The guilty plea by Jeffrey Middleton has been removed from his record.
In March 2007, Middleton, then 29, pleaded guilty to culpable negligent vehicular man-slaughter in the death of 23-year-old Desmonde Harris of Jackson.
“It’s not fair that he didn’t spend one day in jail, and now he has it wiped off his record,” said Harris’ mother, Edna Harris of Jackson. “It’s just not fair that he doesn’t have a record. If it would be anyone else, he would have a record.”
When Hinds County Circuit Judge Bobby DeLaughter took Middleton’s plea, he placed him on two years’ probation and withheld adjudication of the case.
Withholding adjudication meant that if Middleton stayed out of trouble while on probation, the judge could, in effect, undo his guilty plea.
Earlier this month, Hinds County Circuit Judge L. Breland Hilburn, who has assumed DeLaughter’s criminal docket, signed an order that Middleton had successfully completed probation and dismissed the charge.
DeLaughter is temporarily suspended from the bench until the outcome of judicial complaints filed against him are resolved. The judicial complaints do not involve the Middleton case.
Middleton’s attorney, Tommy Mayfield, said last week that he didn’t know the charge had been dismissed.
Middleton could not be reached for comment. The Florence telephone number listed for him is no longer in service.
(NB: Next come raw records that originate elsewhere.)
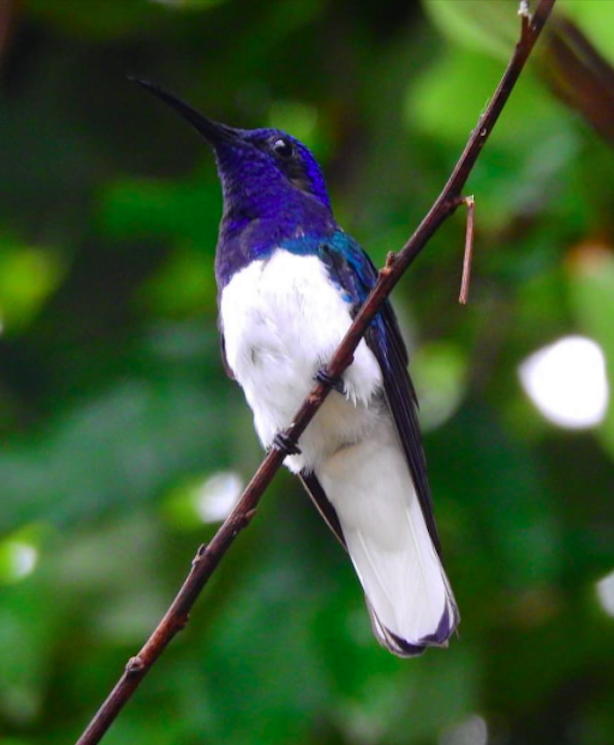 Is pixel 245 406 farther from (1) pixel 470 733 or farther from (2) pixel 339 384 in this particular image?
(1) pixel 470 733

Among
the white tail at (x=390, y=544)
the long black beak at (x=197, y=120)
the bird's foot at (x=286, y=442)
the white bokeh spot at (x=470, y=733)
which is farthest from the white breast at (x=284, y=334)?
the white bokeh spot at (x=470, y=733)

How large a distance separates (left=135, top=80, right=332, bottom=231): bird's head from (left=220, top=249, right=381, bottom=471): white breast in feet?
0.94

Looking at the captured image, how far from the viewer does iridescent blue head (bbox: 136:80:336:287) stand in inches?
124

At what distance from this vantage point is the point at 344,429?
3217 mm

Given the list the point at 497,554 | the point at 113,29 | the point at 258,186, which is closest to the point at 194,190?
the point at 258,186

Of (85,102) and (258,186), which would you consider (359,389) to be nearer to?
(258,186)

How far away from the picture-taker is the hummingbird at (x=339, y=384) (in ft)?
9.64

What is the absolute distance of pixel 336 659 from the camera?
2.99 m

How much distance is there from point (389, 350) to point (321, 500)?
0.45m

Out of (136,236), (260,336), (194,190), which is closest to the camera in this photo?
(260,336)

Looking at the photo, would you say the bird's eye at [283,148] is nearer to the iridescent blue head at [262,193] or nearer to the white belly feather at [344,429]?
the iridescent blue head at [262,193]

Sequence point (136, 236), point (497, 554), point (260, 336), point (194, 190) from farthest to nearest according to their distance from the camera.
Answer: point (136, 236), point (194, 190), point (497, 554), point (260, 336)

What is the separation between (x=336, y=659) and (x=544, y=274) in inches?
52.1

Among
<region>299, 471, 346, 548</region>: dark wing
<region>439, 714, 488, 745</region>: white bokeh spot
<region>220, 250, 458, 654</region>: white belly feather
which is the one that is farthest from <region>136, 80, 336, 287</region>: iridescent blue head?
<region>439, 714, 488, 745</region>: white bokeh spot
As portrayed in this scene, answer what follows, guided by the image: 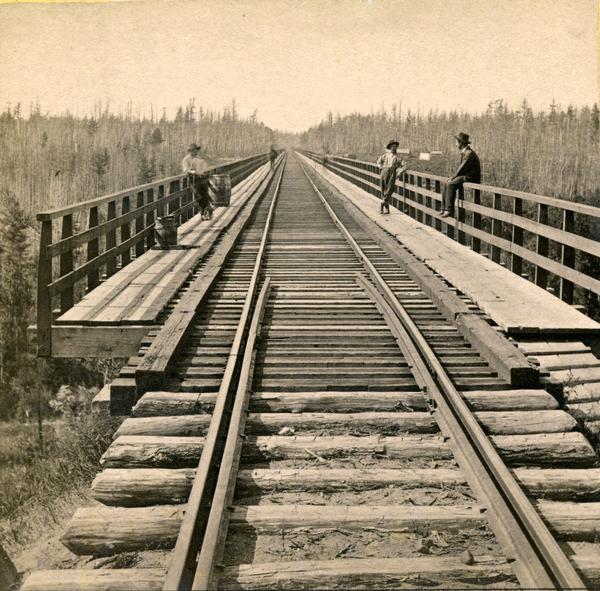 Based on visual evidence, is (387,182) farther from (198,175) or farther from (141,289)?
(141,289)

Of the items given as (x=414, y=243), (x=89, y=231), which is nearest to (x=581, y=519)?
(x=89, y=231)

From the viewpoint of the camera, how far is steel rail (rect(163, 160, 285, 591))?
123 inches

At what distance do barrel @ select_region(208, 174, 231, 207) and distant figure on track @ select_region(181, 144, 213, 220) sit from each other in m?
2.64

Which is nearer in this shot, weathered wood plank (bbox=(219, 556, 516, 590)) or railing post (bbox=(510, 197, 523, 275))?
weathered wood plank (bbox=(219, 556, 516, 590))

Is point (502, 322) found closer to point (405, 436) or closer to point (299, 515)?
point (405, 436)

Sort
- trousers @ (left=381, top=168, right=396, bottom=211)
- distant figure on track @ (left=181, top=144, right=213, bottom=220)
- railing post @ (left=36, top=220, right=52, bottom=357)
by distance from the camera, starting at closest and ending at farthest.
Result: railing post @ (left=36, top=220, right=52, bottom=357)
distant figure on track @ (left=181, top=144, right=213, bottom=220)
trousers @ (left=381, top=168, right=396, bottom=211)

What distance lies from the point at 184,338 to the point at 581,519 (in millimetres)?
3927

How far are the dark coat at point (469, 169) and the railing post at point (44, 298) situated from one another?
754cm

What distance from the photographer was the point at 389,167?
16750 mm

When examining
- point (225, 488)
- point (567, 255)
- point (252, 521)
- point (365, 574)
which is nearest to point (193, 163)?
point (567, 255)

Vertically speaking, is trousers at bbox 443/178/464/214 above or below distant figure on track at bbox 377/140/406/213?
below

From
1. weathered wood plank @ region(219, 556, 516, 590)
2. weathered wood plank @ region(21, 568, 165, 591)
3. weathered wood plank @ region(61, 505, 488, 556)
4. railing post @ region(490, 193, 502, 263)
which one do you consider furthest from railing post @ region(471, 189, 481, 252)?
weathered wood plank @ region(21, 568, 165, 591)

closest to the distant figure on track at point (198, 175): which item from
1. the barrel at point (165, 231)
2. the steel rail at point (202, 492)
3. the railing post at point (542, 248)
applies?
the barrel at point (165, 231)

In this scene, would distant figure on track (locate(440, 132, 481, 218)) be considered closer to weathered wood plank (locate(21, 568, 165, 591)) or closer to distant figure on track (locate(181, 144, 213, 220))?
distant figure on track (locate(181, 144, 213, 220)) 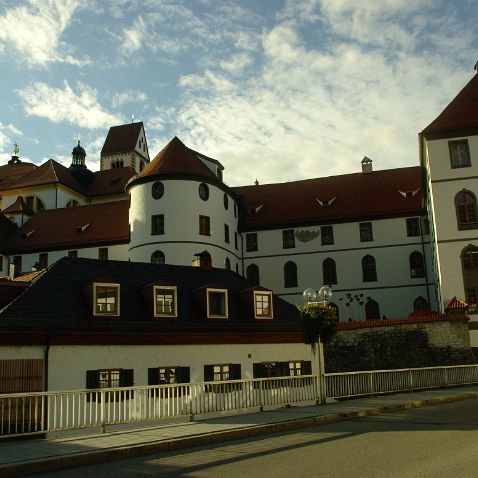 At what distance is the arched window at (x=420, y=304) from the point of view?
4756cm

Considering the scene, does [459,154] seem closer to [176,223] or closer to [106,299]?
[176,223]

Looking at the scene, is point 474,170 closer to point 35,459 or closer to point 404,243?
point 404,243

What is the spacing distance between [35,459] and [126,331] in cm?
987

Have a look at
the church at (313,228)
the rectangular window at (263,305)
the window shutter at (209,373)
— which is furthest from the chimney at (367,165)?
the window shutter at (209,373)

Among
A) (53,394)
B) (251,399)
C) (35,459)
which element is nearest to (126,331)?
(251,399)

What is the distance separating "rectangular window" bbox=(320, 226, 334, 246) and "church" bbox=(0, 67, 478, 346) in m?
0.09

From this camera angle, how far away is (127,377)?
2089cm

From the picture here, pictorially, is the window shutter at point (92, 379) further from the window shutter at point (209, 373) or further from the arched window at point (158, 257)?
the arched window at point (158, 257)

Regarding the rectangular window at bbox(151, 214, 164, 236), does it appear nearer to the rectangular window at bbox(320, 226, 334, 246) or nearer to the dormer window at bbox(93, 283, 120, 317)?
the rectangular window at bbox(320, 226, 334, 246)

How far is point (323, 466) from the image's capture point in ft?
33.0

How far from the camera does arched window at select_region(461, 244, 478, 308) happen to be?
121 feet

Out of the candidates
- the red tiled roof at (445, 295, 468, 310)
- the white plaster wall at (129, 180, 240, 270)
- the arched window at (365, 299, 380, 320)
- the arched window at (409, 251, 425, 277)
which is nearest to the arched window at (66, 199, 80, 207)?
the white plaster wall at (129, 180, 240, 270)

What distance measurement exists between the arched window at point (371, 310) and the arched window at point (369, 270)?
1.84 m

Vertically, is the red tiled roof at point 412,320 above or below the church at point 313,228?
below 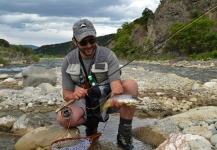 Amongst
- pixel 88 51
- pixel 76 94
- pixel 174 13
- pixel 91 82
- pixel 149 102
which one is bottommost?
pixel 149 102

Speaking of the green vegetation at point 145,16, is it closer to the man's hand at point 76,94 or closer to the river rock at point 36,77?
the river rock at point 36,77

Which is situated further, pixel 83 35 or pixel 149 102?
pixel 149 102

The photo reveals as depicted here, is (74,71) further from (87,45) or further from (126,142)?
(126,142)

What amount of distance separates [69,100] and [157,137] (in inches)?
62.7

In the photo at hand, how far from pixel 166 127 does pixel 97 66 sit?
165 cm

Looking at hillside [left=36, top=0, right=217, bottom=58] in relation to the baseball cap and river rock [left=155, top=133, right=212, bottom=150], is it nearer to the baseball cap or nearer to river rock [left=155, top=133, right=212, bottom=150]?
the baseball cap

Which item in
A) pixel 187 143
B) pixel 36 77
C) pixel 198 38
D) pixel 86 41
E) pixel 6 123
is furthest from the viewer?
pixel 198 38

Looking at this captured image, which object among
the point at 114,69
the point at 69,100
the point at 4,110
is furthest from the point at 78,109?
the point at 4,110

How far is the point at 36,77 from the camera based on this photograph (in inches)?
475

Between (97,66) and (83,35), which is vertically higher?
(83,35)

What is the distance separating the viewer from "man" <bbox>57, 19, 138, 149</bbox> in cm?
413

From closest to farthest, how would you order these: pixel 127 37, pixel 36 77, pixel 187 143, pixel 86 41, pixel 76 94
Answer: pixel 187 143, pixel 76 94, pixel 86 41, pixel 36 77, pixel 127 37

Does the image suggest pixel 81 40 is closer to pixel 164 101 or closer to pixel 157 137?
pixel 157 137

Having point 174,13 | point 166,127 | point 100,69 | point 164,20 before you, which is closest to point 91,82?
point 100,69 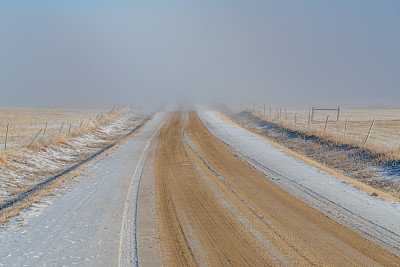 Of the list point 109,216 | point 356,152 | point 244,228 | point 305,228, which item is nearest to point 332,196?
point 305,228

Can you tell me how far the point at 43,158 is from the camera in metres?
17.8

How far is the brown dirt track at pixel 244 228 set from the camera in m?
6.57

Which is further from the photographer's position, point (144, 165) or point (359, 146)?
point (359, 146)

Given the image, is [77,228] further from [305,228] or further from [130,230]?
[305,228]

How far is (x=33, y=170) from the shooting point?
15938 millimetres

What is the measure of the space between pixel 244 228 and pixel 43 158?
503 inches

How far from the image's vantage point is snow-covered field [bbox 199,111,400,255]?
27.2 ft

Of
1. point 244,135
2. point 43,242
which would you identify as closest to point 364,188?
point 43,242

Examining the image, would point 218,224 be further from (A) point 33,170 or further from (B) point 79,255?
(A) point 33,170

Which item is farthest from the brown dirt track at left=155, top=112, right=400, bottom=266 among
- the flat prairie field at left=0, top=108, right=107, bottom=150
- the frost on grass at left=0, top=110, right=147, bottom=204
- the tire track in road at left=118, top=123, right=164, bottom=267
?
the flat prairie field at left=0, top=108, right=107, bottom=150

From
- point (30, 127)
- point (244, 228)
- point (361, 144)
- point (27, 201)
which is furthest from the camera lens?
point (30, 127)

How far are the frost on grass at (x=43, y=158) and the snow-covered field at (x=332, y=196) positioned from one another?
8665 millimetres

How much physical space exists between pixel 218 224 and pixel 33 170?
1060 centimetres

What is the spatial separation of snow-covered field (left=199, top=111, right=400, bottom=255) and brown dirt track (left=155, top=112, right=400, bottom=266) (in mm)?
439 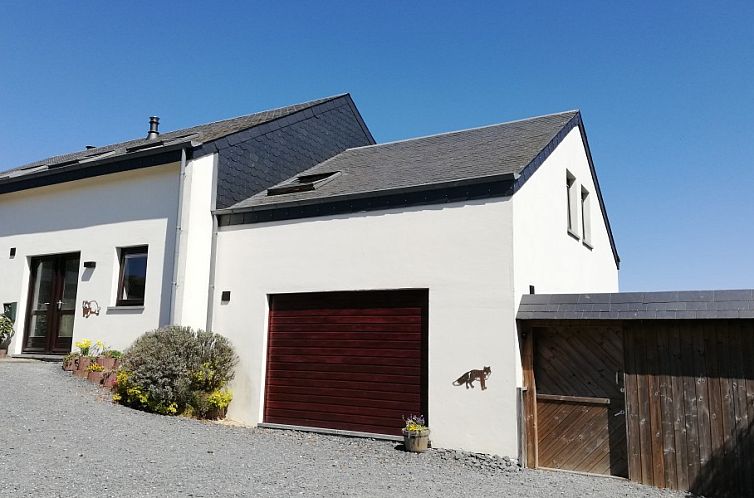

The Clarion-Ledger left a message for a family member of Middleton’s seeking to get in touch with him, but the call wasn’t returned.
Then-Hinds County District Attorney Faye Peterson had questioned the legality of DeLaughter’s placing Middleton on a nonadjudication status.
DeLaughter was quoted at the time: “If there had been an objection made by the victim’s family, it would have been an entirely different situation.”